| EXERCISE DIRECTIONS |
Please give back, exactly as written, the lines from the line with "The Fact Check vs The GUT Check" to the line with "高見シャーメゾン【3階】の間取り" in the listing below, leaving out all pictures.

| SUPPLIED DATA |
"""
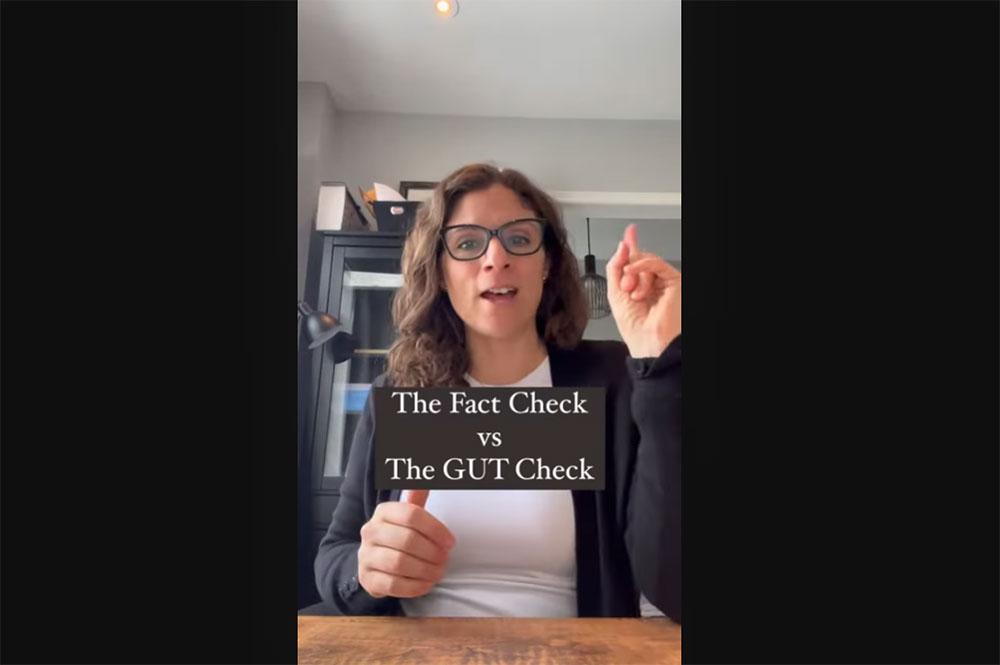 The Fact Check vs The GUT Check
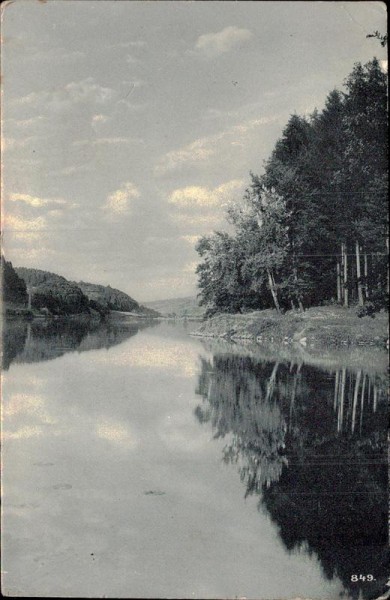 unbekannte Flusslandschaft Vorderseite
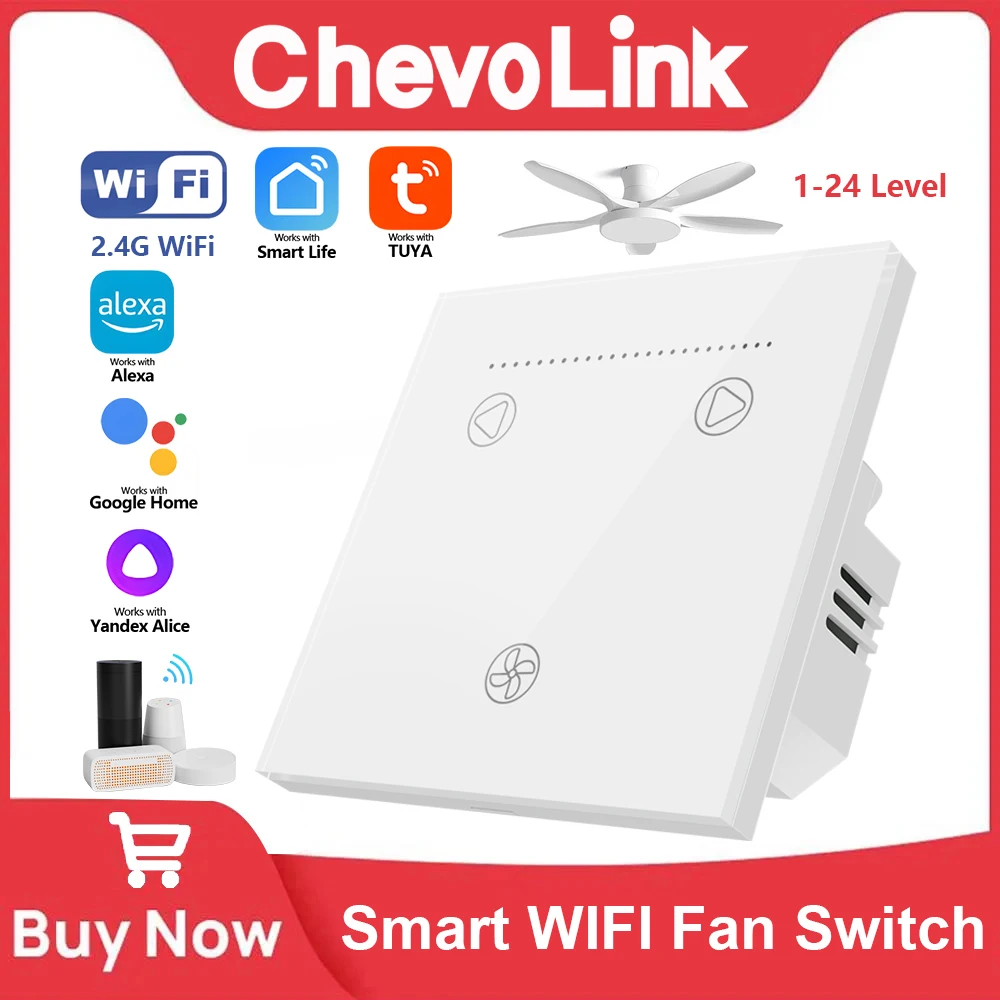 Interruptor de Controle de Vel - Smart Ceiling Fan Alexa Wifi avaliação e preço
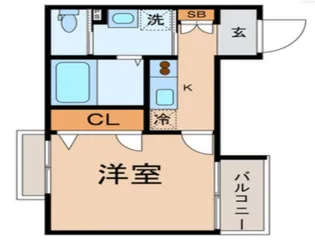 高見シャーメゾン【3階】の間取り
"""
"""
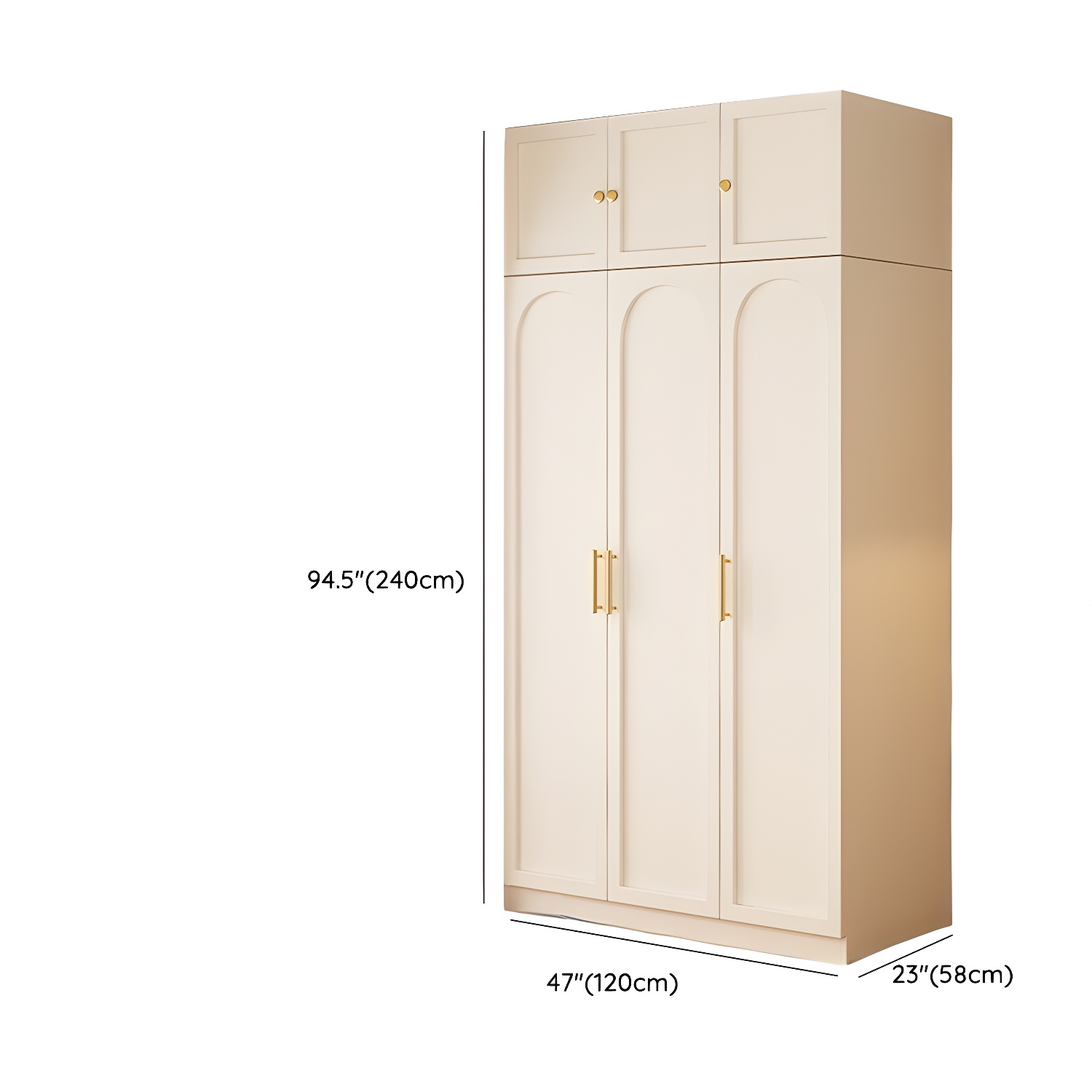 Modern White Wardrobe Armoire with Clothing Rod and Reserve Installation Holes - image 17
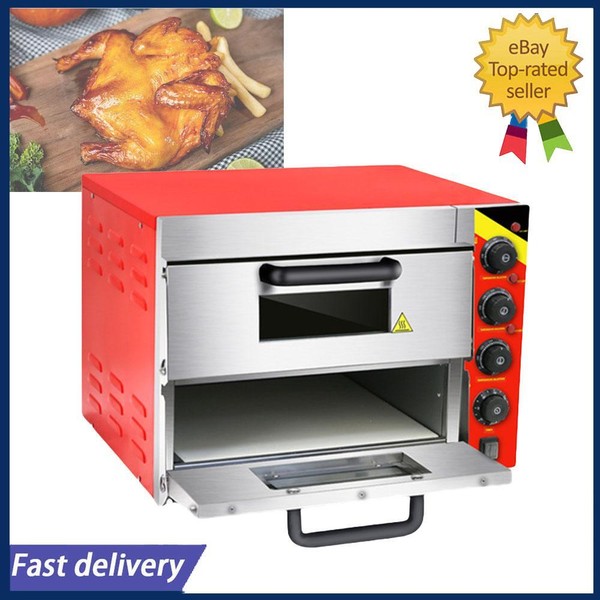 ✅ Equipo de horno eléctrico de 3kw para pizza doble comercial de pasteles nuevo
"""
| SOLVED EXERCISE |
 The Fact Check vs The GUT Check
 unbekannte Flusslandschaft Vorderseite
 Interruptor de Controle de Vel - Smart Ceiling Fan Alexa Wifi avaliação e preço
 高見シャーメゾン【3階】の間取り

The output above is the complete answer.